If K is a Sylow p-subgroup of G, prove that$\mathbf{N}\left(N\left(K\right)\right)\mathbf{=}\mathbf{N}\left(K\right)$

Short answer

It is proved that,$\mathrm{N}\left(\mathrm{N}\left(\mathrm{K}\right)\right)=\mathrm{N}\left(\mathrm{K}\right)$.

Step-by-step solution

Given information

It is given that K is a Sylow p-subgroup of G.

Prove that N(NK)=N(K)

Since, every subgroup is contained in its normalizer,$\mathrm{N}\left(\mathrm{K}\right)\subseteq \mathrm{N}\left(\mathrm{N}\left(\mathrm{K}\right)\right)$.

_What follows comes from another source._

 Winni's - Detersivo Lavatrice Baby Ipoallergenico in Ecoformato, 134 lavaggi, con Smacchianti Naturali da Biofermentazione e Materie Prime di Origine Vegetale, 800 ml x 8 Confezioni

Let$\mathrm{x}\in \mathrm{N}\left(\mathrm{N}\left(\mathrm{K}\right)\right)$

Then,${\mathrm{x}}^{-1}\mathrm{N}\left(\mathrm{K}\right)\mathrm{x}=\mathrm{N}\left(\mathrm{K}\right)$

This implies,${\mathrm{x}}^{-1}\mathrm{Kx}\subseteq \mathrm{N}\left(\mathrm{K}\right)$

But K is normal in N(K), so it is the only Sylow p-subgroup of N(K).

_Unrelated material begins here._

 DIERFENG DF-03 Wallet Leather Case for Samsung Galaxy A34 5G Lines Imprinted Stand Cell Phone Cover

Thus,${\mathrm{x}}^{-1}\mathrm{Kx}=\mathrm{K}$

This implies,$\mathrm{x}\in \mathrm{N}\left(\mathrm{K}\right)$

Thus,$\mathrm{N}\left(\mathrm{N}\left(\mathrm{K}\right)\right)\subseteq \mathrm{N}\left(\mathrm{K}\right)$

Hence, it can be concluded that$\mathrm{N}\left(\mathrm{N}\left(\mathrm{K}\right)\right)=\mathrm{N}\left(\mathrm{K}\right)$